I found benchmark that solves really simple task in different languages https://github.com/starius/lang-bench . Here 's the code for Haskell :
cmpsum i j k =
if i + j == k then 1 else 0
main = print (sum([cmpsum i j k |
i <- [1..1000], j <- [1..1000], k <- [1..1000]]))
This code runs very slow as you can see in benchmark and I found this very strange. I tried to inline the function cmpsum and compile with the next flags:
ghc -c -O2 main.hs
but it really didn't help. I am not asking about optimizing the algorithm cause it's the same for all languages, but about possible compiler or code optimizations that can make this code run faster.
Not a complete answer, sorry. Compiling with GHC 7.10 on my machine I get ~12s for your version.
I'd suggest always compiling with -Wall
which shows us that our numbers are being defaulted to the infinite precision Integer
type. Fixing that:
module Main where
cmpsum :: Int -> Int -> Int -> Int
cmpsum i j k =
if i + j == k then 1 else 0
main :: IO ()
main = print (sum([cmpsum i j k |
i <- [1..1000], j <- [1..1000], k <- [1..1000]]))
This runs in ~5s for me.

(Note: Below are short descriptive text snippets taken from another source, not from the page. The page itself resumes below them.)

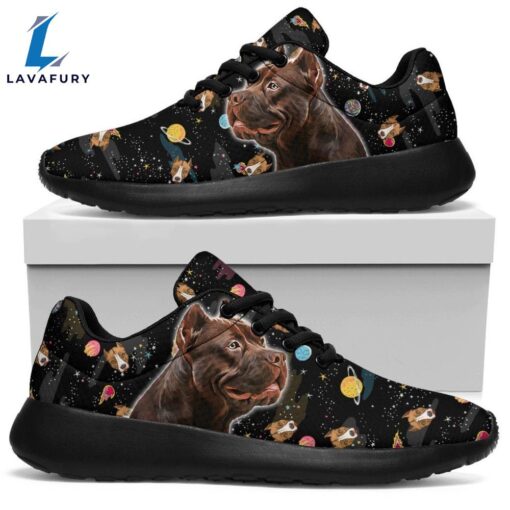 Pit Bull Sneakers Sporty Shoes Funny For Bully Dog Lover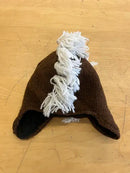 Knit Hat- Brown with White Mohawk (Horse)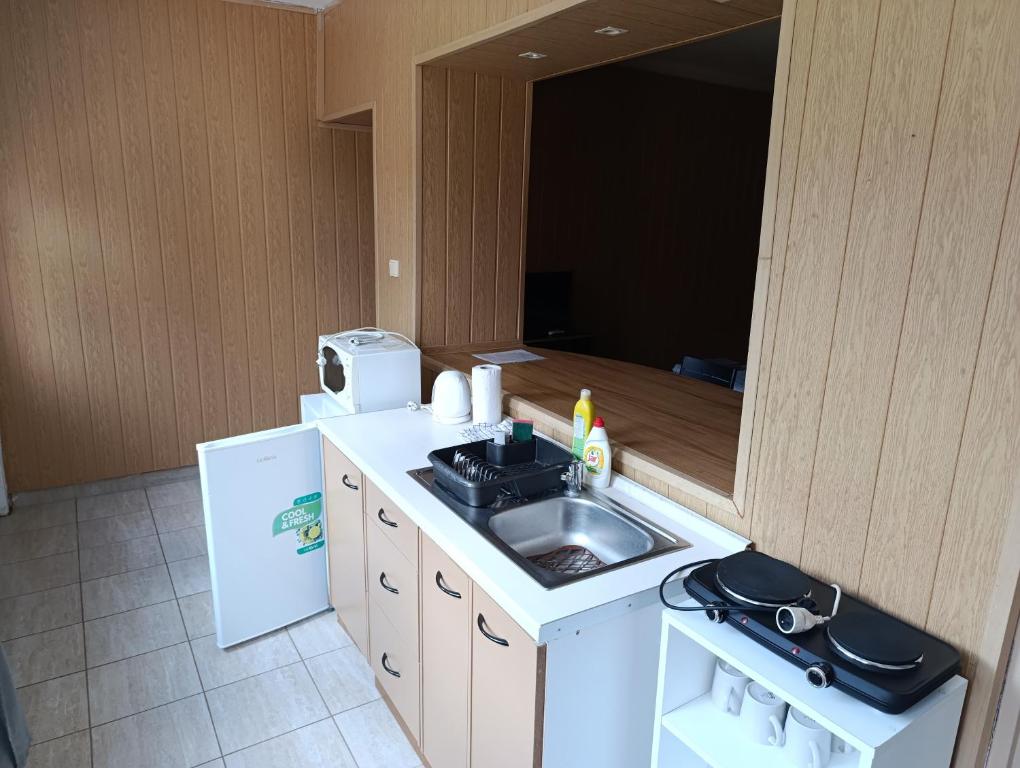 A kitchen or kitchenette at Village Park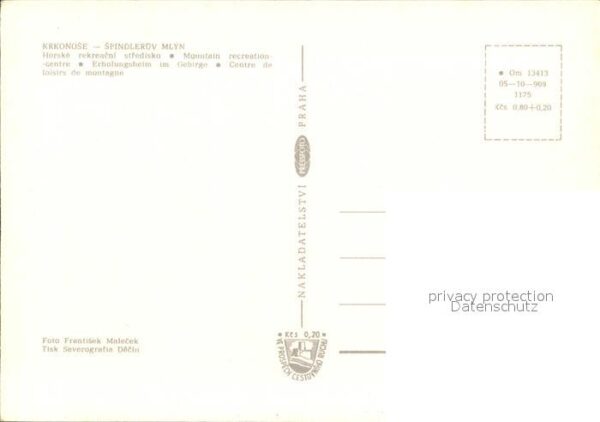Spindleruv Mlyn Spindlermuehle Erholungsheim im Gebirge Krkonose Riese – Bild 2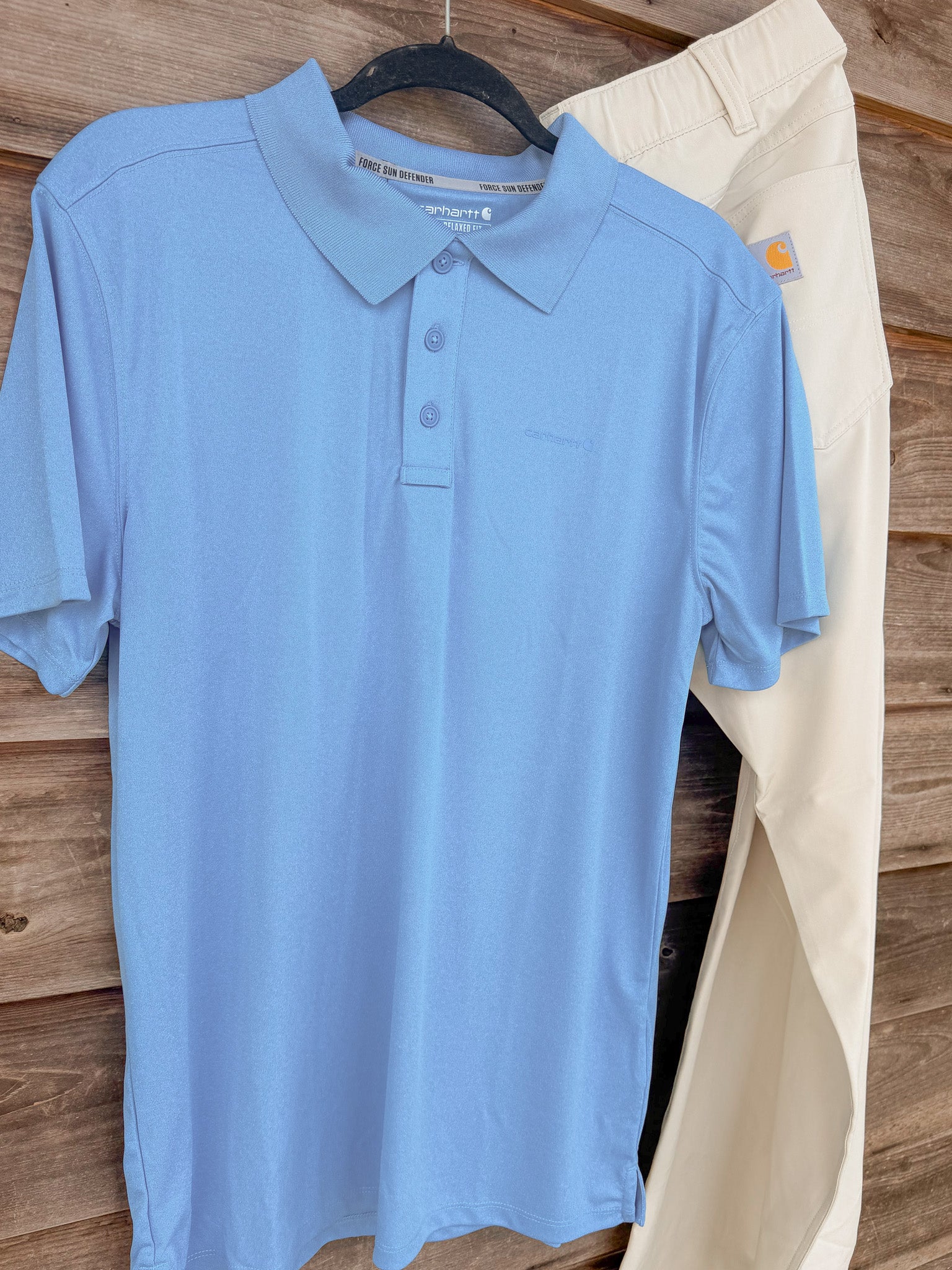 Carhartt Men's Force Sun Defender Polo in Blue - Image 2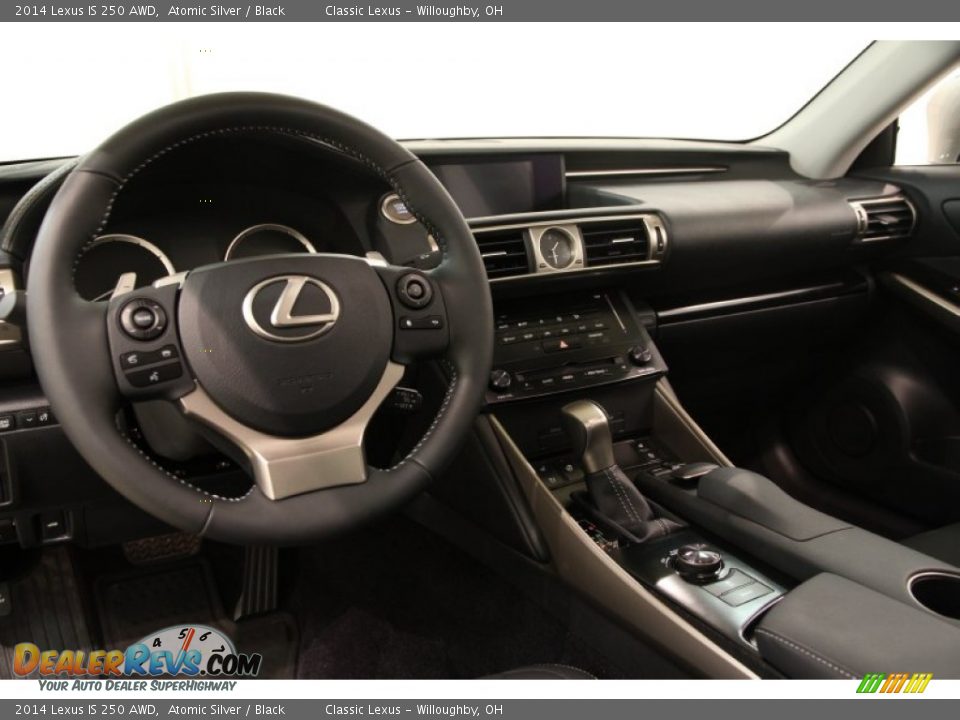 2014 Lexus IS 250 AWD Atomic Silver / Black Photo #9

Running with +RTS -s
seems to show we have a loop in constant memory:
87,180 bytes allocated in the heap
1,704 bytes copied during GC
42,580 bytes maximum residency (1 sample(s))
18,860 bytes maximum slop
1 MB total memory in use (0 MB lost due to fragmentation)
Tot time (elapsed) Avg pause Max pause
Gen 0 0 colls, 0 par 0.000s 0.000s 0.0000s 0.0000s
Gen 1 1 colls, 0 par 0.000s 0.000s 0.0001s 0.0001s
INIT time 0.000s ( 0.001s elapsed)
MUT time 4.920s ( 4.919s elapsed)
GC time 0.000s ( 0.000s elapsed)
EXIT time 0.000s ( 0.000s elapsed)
Total time 4.920s ( 4.921s elapsed)
%GC time 0.0% (0.0% elapsed)
Alloc rate 17,719 bytes per MUT second
Productivity 100.0% of total user, 100.0% of total elapsed
-fllvm
shaves off another second or so. Maybe someone else can look into it further.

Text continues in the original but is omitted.